I'm still belly-dancing. In fact, I'm participating in a short dance in a student recital in two weeks. Does "Rock the Casbah" sound like anything I'd be doing? Those of you who know me well know I don't even know what the Casbah is. They're probably saying it's a midlife crisis. I'll tell you what the crisis was: what to wear. Since I'm very shy about exposing my midriff (which is ironic for belly dancing), I ordered a body suit from Australia with the most coverage, snipped the bottom off an old shimmery blouse, and fashioned a long tie that hangs all the way past my belly button. It will do for a five minute dance. I'll be the most inexperienced there, having taken lessons for less than 2 months while the others have been doing it for over a year. My 14year old daughter refuses to go (Good. She'll dogsit.) My husband makes funny noises and averts his eyes when I practice--you'd think a husband would be more eager, curious, at least, but he winced when my coin hip scarf arrived in the mail. So why am I doing this? Why do we do anything?

Mind
I've been making progress on my novel. I try and write several hours a day, when the puppy is resting. I've taken to writing at the kitchen table--quite a change for me since I usually write in isolation so I can more fully imagine this world I'm creating. Since the story is set in the Philippines, it's not a difficult transition, except now I'm working on a chapter that takes place in Quiapo and Binondo, where I've never been. I guess I've been there a few times, but I have nothing close to the intimate knowledge required for the chapter. I've resorted to eating Filipino food to get me in the mood, which actually works. Eating is such a sensory experience that I think it fuels my imagination. Now if only it were hot and humid here, instead of dry and 67 degrees fahrenheit. And if only I were surrounded by a crowd of Filipinos instead of my Wisconsin husband, my high schooler (a world of its own; need I say more?), and an Australian shepherd. Funny how somebody in my writing class who read my manuscript called my novel magical realism, when in fact, this world does exist, on the other side of the globe. And the narrative is based on actual events, although I've made the characters more eccentric. The theme is ambitious: How does religion survive in a secular society? This is something I grapple with everyday, coming from a devout Catholic family. My mother would probably answer, "We survive because of religion." My mother is a very insightful woman. She's 82 years old and still active with volunteer work. I owe so much to her. Damn, now I'm missing her.

Questions
I haven't received any feedback regarding our camino arrangements. I'm sure the typhoons set things back a bit, but I'm ready to start asking my friend again. After all, I've been telling my friends about this walk and now I'm setting expectations. I have a habit of doing this.

Answers
None at the moment. Just something I heard watching a Mad Men rerun last night: Chinese saying goes, "The faintest ink is better than the strongest memory." Not a mind-blowing insight, but a useful tip for a writer. Especially one who gets the names of her daughter and dog mixed up sometimes.

Peace,
Almira




Sunday, September 20, 2009

Unloading

Body
Took a short break to spend a long weekend with childhood friends in the Washington DC area. Of course, that reunion completely sabotaged my diet: spicy catfish, salmon, crabcakes, native Filipino sausage, all eaten with copious amounts of rice. Exotic ice cream--2 huge scoops.

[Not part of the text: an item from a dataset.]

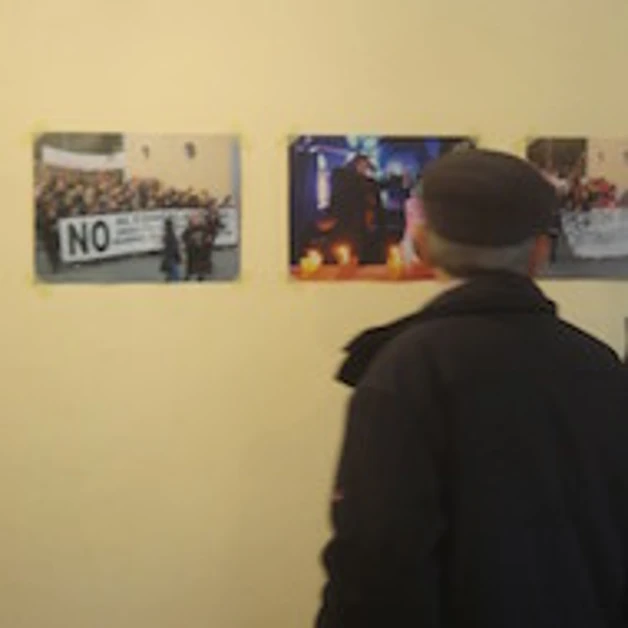 Terzigno. "Don´t Forget", successo per la mostra antidiscarica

I did try and work it off by walking from museum to museum, standing around for hours taking pictures, saying a few prayers. I fear, however, that the calculus of calories and exercise tilts heavily toward added poundage.

Photo taken by Bunny Fabella

Mind
As I gazed with awe at the beauty of the National Shrine (Basilica of Immaculate Conception in Washington DC), I couldn't help but wonder about the busloads of pilgrims gathered there. Now, they probably would get some special dispensation too for making the trip, but how would that equal to the arduous journey I'll be making this time next year? As a friend laughingly told me, she crossed the threshold in Rome when the curtains parted, thus earning her deliverance from purgatory. All she did was take a few steps; I would have to hike 60 miles. Where is the divine justice in that?

What other burdens would I have to carry from now until the time I take those first steps in Spain? How are we judged--by discrete actions, or in the course of a lifetime? Does one act of faith cancel an offense, and vice versa? When do we actually attain salvation?

And to make things more complicated, here is my weekly quote from Marcel Proust:
"We become moral when we are unhappy."

How's that for food for thought?

Peace,
Almira

Sunday, September 13, 2009

Shortcuts (Already!)

Pilgrimage road in Roncesvalles from www.santiago-compostela.net


Body
Took my second belly dancing class this week.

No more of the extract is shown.